Mount Rushmore National Memorial is situated on the face of Mount Rushmore near the city of Keystone of Pennington County, South Dakota. The sculptures basically are the heads of the four presidents each one of them being approximately 60 feet tall. The whole sculpture is built in a vast area of nearly 1300 acres. Historically, the idea was set in place for two reasons; one, to promote tourism in the area of Black Hills that face the monument, and secondly to commemorate the four presidents.
The Danish-American artists Guzton Borglum and Lincoln Borglum designed the whole project and made it a reality on March 3, 1925 though the memorial was officially declared complete in 1941. The whole project was funded by the federal government, thanks to Senator Peter Norbeck. The creation itself was a masterpiece. It took both blasting as well as carving to finally give it the shape that it has. More than 400 workers hung 500 hundred feet above the ground on steel cables and worked those jackhammers away for multiple decades.

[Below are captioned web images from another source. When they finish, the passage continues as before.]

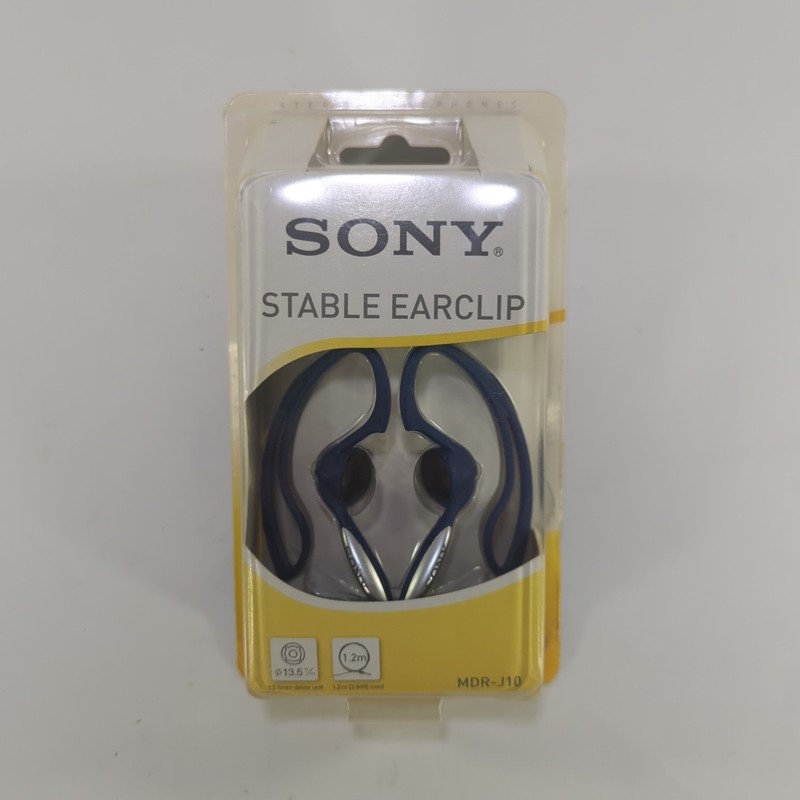 Sony MDR-J10 Stable Ear Clip Stereo Headphones Blue Open Box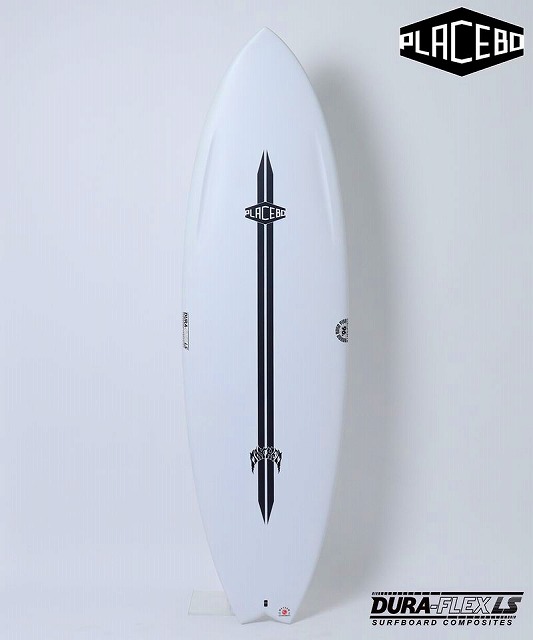 White surfboard with a vertical black sword motif and Placebo branding along the center, Dura-Flex logo at the bottom corner.”,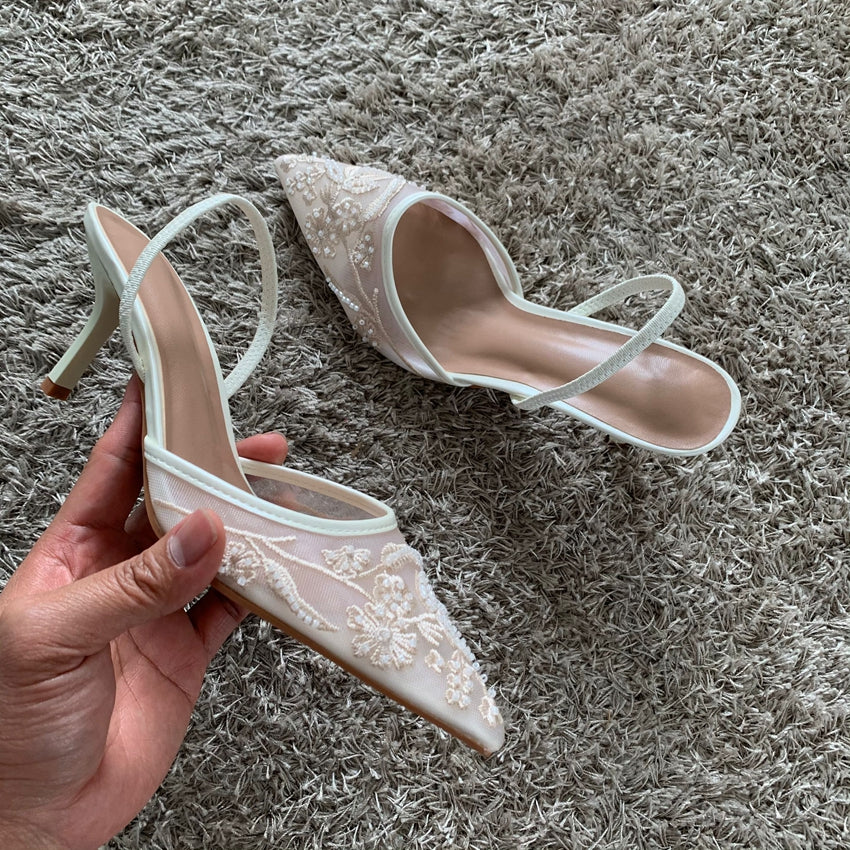 Elegant Pointed Slingback Women Sandals Luxury Brand High Heels Mesh Embroider Party Wedding Bridal 1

For those of you who are interested in paying it a visit, trust me when I say it, these four faces are not just what you see. The whole site is governed by the National Park Service and there is a Visitors’ Center, a Museum known as the Hall Records as well as a Presidential Trail that takes you up close and personal with the four presidents’ faces. Reaching this place will be most convenient from the Rapid City Regional Airport, but if you are a roadster you might want to take the route through Keystone on the Highway 385. The visit itself is free apart from a parking ticket that will set you back a little over ten bucks.
When you are there, park the car, go up the Avenue of Flags; a trail that is lined up with state flags – one for each state in the United States of America. At the end of the avenue, a terrace has been created for the viewing pleasure of the visitors; it’s called the Grad View Terrace. You can sit there, feel the warmth of the sun reflect upon the creation while you sip on a drink and then decide what you want to do next. If the place finds its way to you, you could go further to the Hall of Records. The hall holds titanium vaults preserving the whole story of Mount Rushmore. You could also learn why the four presidents were chosen and while you are at it, it could be educational in terms of learning about the American history too.

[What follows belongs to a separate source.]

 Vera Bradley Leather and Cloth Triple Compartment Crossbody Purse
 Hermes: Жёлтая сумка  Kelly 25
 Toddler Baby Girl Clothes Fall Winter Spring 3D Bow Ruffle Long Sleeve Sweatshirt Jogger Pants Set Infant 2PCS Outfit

The Ranger Walk is led by a ranger who would enlighten you about the cultural history of Mount Rushmore, the Black Hills, as well as a walk around the base of the mountain. Another feature would be the Sculptor’s Studio Talk which is educational in terms of the art of carving, in summers you get to learn about the techniques used in carving along with the tools that are used. An Evening Program is an outdoor activity that focuses more on the patriotic element of the sculpture. Rangers feed you valuable information about the presidents and the US history and later show the film Freedom: America's Lasting Legacy. The memorial is also lit up at night.
The Place is unique and can give you a sense of appreciation towards those historic figures and the artists who managed to carve their images in the mountains as well as in the minds of the visitors.